Hereinafter, an avatar corresponding to each device is referred to as an avatar of the PC 210, for example.

  The storage unit 212 is, for example, a memory or an HDD (hard disk). The storage unit 212 stores an OS (operation system) of the PC 210, an application for communicating with the HMD1, the HMD 500, and the PC 220, avatar image data set in advance for the user of the PC 210, and the like.

  The communication interface 213 is an interface that performs communication such as a wireless LAN, a wired LAN, a 3G line, an LTE line, or the like. The communication interface 213 outputs information received via the network 230 to the processing unit 211. The communication interface 213 transmits information output from the processing unit 211 to the HMD 1, the HMD 500, the PC 220, and the server 200 via the network 230.

  The input unit 214 is, for example, a keyboard, a mouse, a tablet, and an operation pen.
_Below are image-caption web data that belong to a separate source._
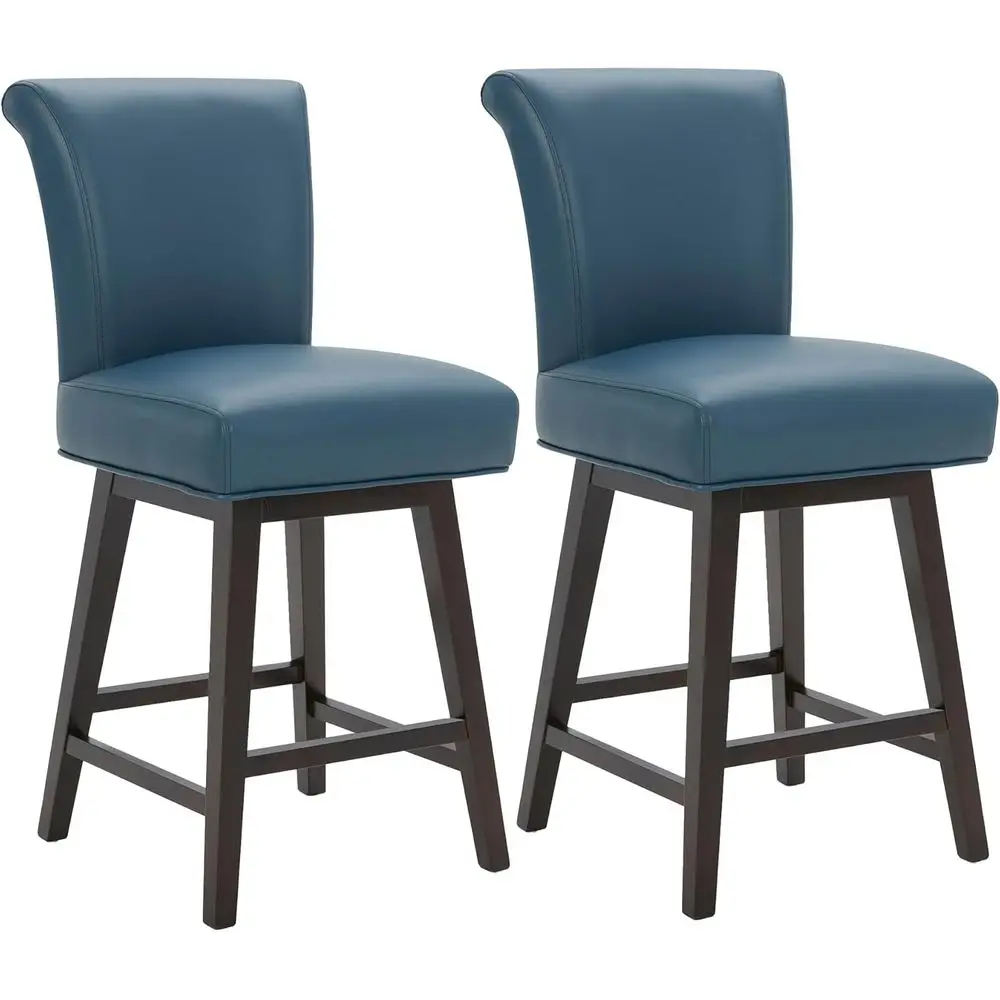Counter Height Swivel Bar Stools Set of 2, Upholstered Leatherette Chairs with Back, Blue
Counter Height Swivel Bar Stools Set of 2, Upholstered Leatherette Chairs with Back, Blue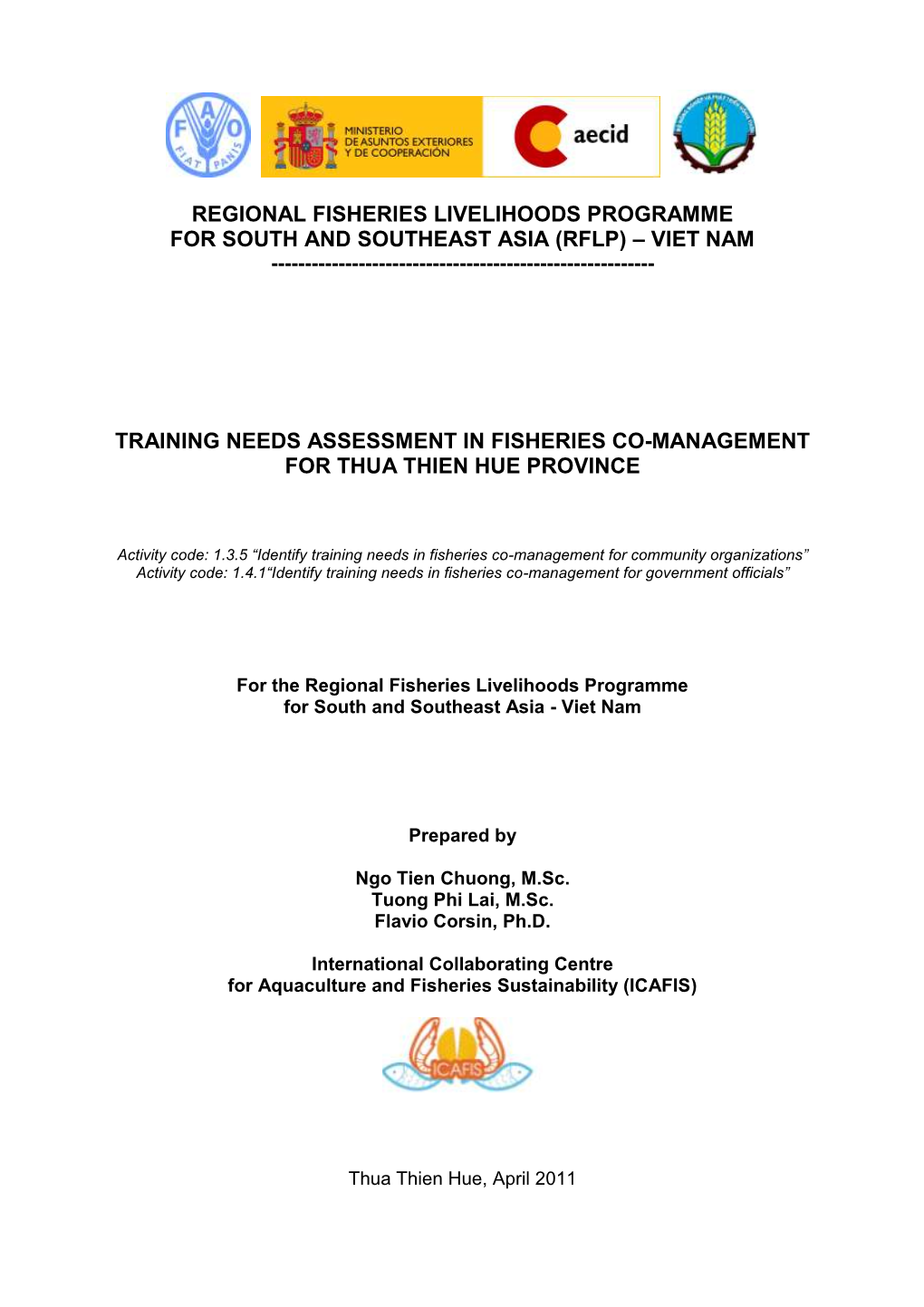 Regional Fisheries Livelihoods Programme for South and Southeast Asia (Rflp) – Viet Nam Training Needs Assessment in Fisheries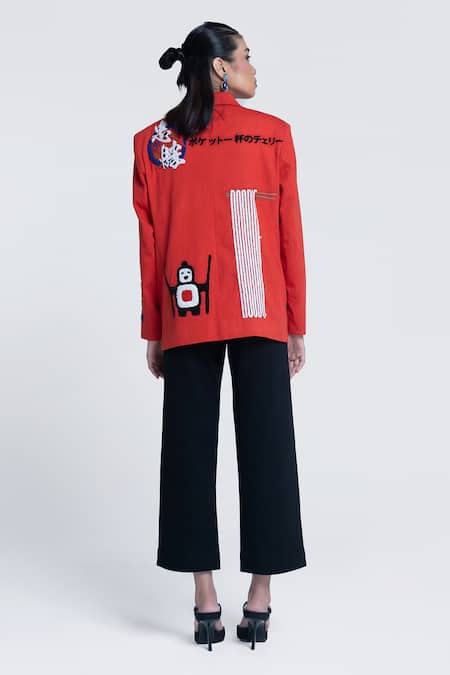 Shop Pocketful Of Cherrie Orange Twill, Cotton Embroidery, Sunburst Apricot Double Breasted Blazer at Aza Fashions Shop_Pocketful Of Cherrie_Orange Twill, Cotton Embroidery, Sunburst Apricot Double Breasted Blazer _at_Aza_Fashions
The input unit 214 outputs the input information to the processing unit 211. Note that when the display unit 215 has a touch panel function, the display unit 215 may also function as the input unit 214.

The display unit 215 displays an image based on the image data output from the processing unit 211.
As an example, the image captured by the HMD 1, the avatar of the HMD 1, the avatar of the HMD 500, the avatar of the PC 220, and the line drawing image corresponding to the operation of the input unit 214 of the PC 210 are combined and displayed on the display unit 215.

  The camera 216 is, for example, a CMOS (Complementary Metal Oxide Semiconductor) having an image sensor with 5 to 10 million pixels, or a CCD (Charge Coupled Device).

  Next, a communication procedure performed between the HMD1, the HMD500, the PC 210, and the PC 220 will be described. 9 to 19, each terminal (HMD1, HMD500, PC210, PC220, and server 200) has a communication interface (131, 138, 531, 538, 213, 223, and 203) and a network. Communication is performed via 230.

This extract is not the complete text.